Task instructions:
Copy every line below exactly.

-*-*-

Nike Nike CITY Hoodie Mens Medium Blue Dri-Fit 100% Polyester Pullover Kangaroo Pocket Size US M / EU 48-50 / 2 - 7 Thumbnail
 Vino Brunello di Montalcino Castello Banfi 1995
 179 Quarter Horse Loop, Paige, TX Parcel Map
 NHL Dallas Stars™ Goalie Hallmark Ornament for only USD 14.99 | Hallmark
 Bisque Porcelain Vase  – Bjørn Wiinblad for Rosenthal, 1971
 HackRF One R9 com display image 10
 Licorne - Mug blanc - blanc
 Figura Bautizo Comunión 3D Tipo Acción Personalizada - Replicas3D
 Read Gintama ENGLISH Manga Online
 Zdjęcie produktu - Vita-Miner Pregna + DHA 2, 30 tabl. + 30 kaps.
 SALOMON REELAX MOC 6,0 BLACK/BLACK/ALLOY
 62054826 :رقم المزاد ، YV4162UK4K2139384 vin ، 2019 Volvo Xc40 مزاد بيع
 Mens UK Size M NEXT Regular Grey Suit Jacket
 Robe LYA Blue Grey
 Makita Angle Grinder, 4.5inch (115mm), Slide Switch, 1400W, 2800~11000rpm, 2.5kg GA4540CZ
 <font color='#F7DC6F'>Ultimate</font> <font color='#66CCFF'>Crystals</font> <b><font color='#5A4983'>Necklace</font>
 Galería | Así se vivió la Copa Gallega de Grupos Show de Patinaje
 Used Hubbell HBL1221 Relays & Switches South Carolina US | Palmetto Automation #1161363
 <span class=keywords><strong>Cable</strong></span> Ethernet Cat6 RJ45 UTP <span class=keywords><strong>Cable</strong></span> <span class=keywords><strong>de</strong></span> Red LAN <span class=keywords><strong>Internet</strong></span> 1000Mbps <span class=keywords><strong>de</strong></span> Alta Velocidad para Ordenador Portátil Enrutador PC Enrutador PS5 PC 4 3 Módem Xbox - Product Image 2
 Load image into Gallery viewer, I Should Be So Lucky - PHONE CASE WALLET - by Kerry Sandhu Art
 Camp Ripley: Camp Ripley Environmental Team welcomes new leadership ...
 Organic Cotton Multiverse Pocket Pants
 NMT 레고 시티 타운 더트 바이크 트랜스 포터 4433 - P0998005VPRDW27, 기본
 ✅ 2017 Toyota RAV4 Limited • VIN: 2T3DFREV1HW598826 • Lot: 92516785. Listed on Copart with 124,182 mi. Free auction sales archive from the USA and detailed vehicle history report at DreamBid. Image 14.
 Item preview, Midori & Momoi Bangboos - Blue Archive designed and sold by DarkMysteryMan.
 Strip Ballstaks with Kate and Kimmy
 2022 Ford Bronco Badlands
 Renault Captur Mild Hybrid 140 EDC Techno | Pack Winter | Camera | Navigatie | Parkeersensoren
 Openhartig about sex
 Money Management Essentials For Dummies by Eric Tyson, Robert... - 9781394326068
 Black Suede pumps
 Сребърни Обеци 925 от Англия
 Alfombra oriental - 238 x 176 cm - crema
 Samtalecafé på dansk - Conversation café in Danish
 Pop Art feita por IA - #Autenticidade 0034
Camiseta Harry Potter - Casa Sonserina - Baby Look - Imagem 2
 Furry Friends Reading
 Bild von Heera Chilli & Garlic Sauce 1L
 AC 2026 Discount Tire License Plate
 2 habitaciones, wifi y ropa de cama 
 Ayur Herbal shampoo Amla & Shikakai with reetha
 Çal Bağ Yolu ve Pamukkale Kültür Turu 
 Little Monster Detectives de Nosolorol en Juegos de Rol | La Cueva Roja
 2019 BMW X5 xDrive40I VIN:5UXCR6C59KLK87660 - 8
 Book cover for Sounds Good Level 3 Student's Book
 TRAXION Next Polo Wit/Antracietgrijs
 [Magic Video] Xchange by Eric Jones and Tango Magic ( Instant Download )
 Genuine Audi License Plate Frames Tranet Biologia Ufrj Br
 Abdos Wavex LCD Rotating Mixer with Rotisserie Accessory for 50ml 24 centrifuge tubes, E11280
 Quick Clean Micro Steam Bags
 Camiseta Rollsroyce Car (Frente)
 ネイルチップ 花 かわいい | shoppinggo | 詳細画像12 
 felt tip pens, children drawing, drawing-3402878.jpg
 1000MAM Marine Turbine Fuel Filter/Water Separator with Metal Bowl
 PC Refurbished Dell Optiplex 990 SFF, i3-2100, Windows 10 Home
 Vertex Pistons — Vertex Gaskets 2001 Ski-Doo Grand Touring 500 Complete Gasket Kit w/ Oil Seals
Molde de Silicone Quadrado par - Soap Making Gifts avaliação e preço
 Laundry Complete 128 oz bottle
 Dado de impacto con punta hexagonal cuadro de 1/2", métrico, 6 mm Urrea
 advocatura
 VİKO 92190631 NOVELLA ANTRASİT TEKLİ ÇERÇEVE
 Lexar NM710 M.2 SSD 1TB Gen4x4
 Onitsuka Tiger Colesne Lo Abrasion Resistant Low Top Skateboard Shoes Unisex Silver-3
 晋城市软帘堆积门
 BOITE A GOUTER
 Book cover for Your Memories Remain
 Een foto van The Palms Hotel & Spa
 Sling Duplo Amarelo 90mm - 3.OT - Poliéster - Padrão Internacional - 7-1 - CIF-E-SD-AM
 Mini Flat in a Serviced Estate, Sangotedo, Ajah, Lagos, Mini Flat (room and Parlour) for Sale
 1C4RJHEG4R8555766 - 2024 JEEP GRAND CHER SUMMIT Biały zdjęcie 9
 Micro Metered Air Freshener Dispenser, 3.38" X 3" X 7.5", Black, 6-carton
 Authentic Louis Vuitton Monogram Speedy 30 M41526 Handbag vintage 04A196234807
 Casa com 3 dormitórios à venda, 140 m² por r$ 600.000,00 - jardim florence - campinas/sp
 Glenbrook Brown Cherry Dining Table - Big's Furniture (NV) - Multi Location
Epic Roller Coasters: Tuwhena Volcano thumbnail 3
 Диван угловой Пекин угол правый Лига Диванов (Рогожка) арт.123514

-*-*-

Output for this exercise:
Nike Nike CITY Hoodie Mens Medium Blue Dri-Fit 100% Polyester Pullover Kangaroo Pocket Size US M / EU 48-50 / 2 - 7 Thumbnail
 Vino Brunello di Montalcino Castello Banfi 1995
 179 Quarter Horse Loop, Paige, TX Parcel Map
 NHL Dallas Stars™ Goalie Hallmark Ornament for only USD 14.99 | Hallmark
 Bisque Porcelain Vase  – Bjørn Wiinblad for Rosenthal, 1971
 HackRF One R9 com display image 10
 Licorne - Mug blanc - blanc
 Figura Bautizo Comunión 3D Tipo Acción Personalizada - Replicas3D
 Read Gintama ENGLISH Manga Online
 Zdjęcie produktu - Vita-Miner Pregna + DHA 2, 30 tabl. + 30 kaps.
 SALOMON REELAX MOC 6,0 BLACK/BLACK/ALLOY
 62054826 :رقم المزاد ، YV4162UK4K2139384 vin ، 2019 Volvo Xc40 مزاد بيع
 Mens UK Size M NEXT Regular Grey Suit Jacket
 Robe LYA Blue Grey
 Makita Angle Grinder, 4.5inch (115mm), Slide Switch, 1400W, 2800~11000rpm, 2.5kg GA4540CZ
 <font color='#F7DC6F'>Ultimate</font> <font color='#66CCFF'>Crystals</font> <b><font color='#5A4983'>Necklace</font>
 Galería | Así se vivió la Copa Gallega de Grupos Show de Patinaje
 Used Hubbell HBL1221 Relays & Switches South Carolina US | Palmetto Automation #1161363
 <span class=keywords><strong>Cable</strong></span> Ethernet Cat6 RJ45 UTP <span class=keywords><strong>Cable</strong></span> <span class=keywords><strong>de</strong></span> Red LAN <span class=keywords><strong>Internet</strong></span> 1000Mbps <span class=keywords><strong>de</strong></span> Alta Velocidad para Ordenador Portátil Enrutador PC Enrutador PS5 PC 4 3 Módem Xbox - Product Image 2
 Load image into Gallery viewer, I Should Be So Lucky - PHONE CASE WALLET - by Kerry Sandhu Art
 Camp Ripley: Camp Ripley Environmental Team welcomes new leadership ...
 Organic Cotton Multiverse Pocket Pants
 NMT 레고 시티 타운 더트 바이크 트랜스 포터 4433 - P0998005VPRDW27, 기본
 ✅ 2017 Toyota RAV4 Limited • VIN: 2T3DFREV1HW598826 • Lot: 92516785. Listed on Copart with 124,182 mi. Free auction sales archive from the USA and detailed vehicle history report at DreamBid. Image 14.
 Item preview, Midori & Momoi Bangboos - Blue Archive designed and sold by DarkMysteryMan.
 Strip Ballstaks with Kate and Kimmy
 2022 Ford Bronco Badlands
 Renault Captur Mild Hybrid 140 EDC Techno | Pack Winter | Camera | Navigatie | Parkeersensoren
 Openhartig about sex
 Money Management Essentials For Dummies by Eric Tyson, Robert... - 9781394326068
 Black Suede pumps
 Сребърни Обеци 925 от Англия
 Alfombra oriental - 238 x 176 cm - crema
 Samtalecafé på dansk - Conversation café in Danish
 Pop Art feita por IA - #Autenticidade 0034
Camiseta Harry Potter - Casa Sonserina - Baby Look - Imagem 2
 Furry Friends Reading
 Bild von Heera Chilli & Garlic Sauce 1L
 AC 2026 Discount Tire License Plate
 2 habitaciones, wifi y ropa de cama 
 Ayur Herbal shampoo Amla & Shikakai with reetha
 Çal Bağ Yolu ve Pamukkale Kültür Turu 
 Little Monster Detectives de Nosolorol en Juegos de Rol | La Cueva Roja
 2019 BMW X5 xDrive40I VIN:5UXCR6C59KLK87660 - 8
 Book cover for Sounds Good Level 3 Student's Book
 TRAXION Next Polo Wit/Antracietgrijs
 [Magic Video] Xchange by Eric Jones and Tango Magic ( Instant Download )
 Genuine Audi License Plate Frames Tranet Biologia Ufrj Br
 Abdos Wavex LCD Rotating Mixer with Rotisserie Accessory for 50ml 24 centrifuge tubes, E11280
 Quick Clean Micro Steam Bags
 Camiseta Rollsroyce Car (Frente)
 ネイルチップ 花 かわいい | shoppinggo | 詳細画像12 
 felt tip pens, children drawing, drawing-3402878.jpg
 1000MAM Marine Turbine Fuel Filter/Water Separator with Metal Bowl
 PC Refurbished Dell Optiplex 990 SFF, i3-2100, Windows 10 Home
 Vertex Pistons — Vertex Gaskets 2001 Ski-Doo Grand Touring 500 Complete Gasket Kit w/ Oil Seals
Molde de Silicone Quadrado par - Soap Making Gifts avaliação e preço
 Laundry Complete 128 oz bottle
 Dado de impacto con punta hexagonal cuadro de 1/2", métrico, 6 mm Urrea
 advocatura
 VİKO 92190631 NOVELLA ANTRASİT TEKLİ ÇERÇEVE
 Lexar NM710 M.2 SSD 1TB Gen4x4
 Onitsuka Tiger Colesne Lo Abrasion Resistant Low Top Skateboard Shoes Unisex Silver-3
 晋城市软帘堆积门
 BOITE A GOUTER
 Book cover for Your Memories Remain
 Een foto van The Palms Hotel & Spa
 Sling Duplo Amarelo 90mm - 3.OT - Poliéster - Padrão Internacional - 7-1 - CIF-E-SD-AM
 Mini Flat in a Serviced Estate, Sangotedo, Ajah, Lagos, Mini Flat (room and Parlour) for Sale
 1C4RJHEG4R8555766 - 2024 JEEP GRAND CHER SUMMIT Biały zdjęcie 9
 Micro Metered Air Freshener Dispenser, 3.38" X 3" X 7.5", Black, 6-carton
 Authentic Louis Vuitton Monogram Speedy 30 M41526 Handbag vintage 04A196234807
 Casa com 3 dormitórios à venda, 140 m² por r$ 600.000,00 - jardim florence - campinas/sp
 Glenbrook Brown Cherry Dining Table - Big's Furniture (NV) - Multi Location
Epic Roller Coasters: Tuwhena Volcano thumbnail 3
 Диван угловой Пекин угол правый Лига Диванов (Рогожка) арт.123514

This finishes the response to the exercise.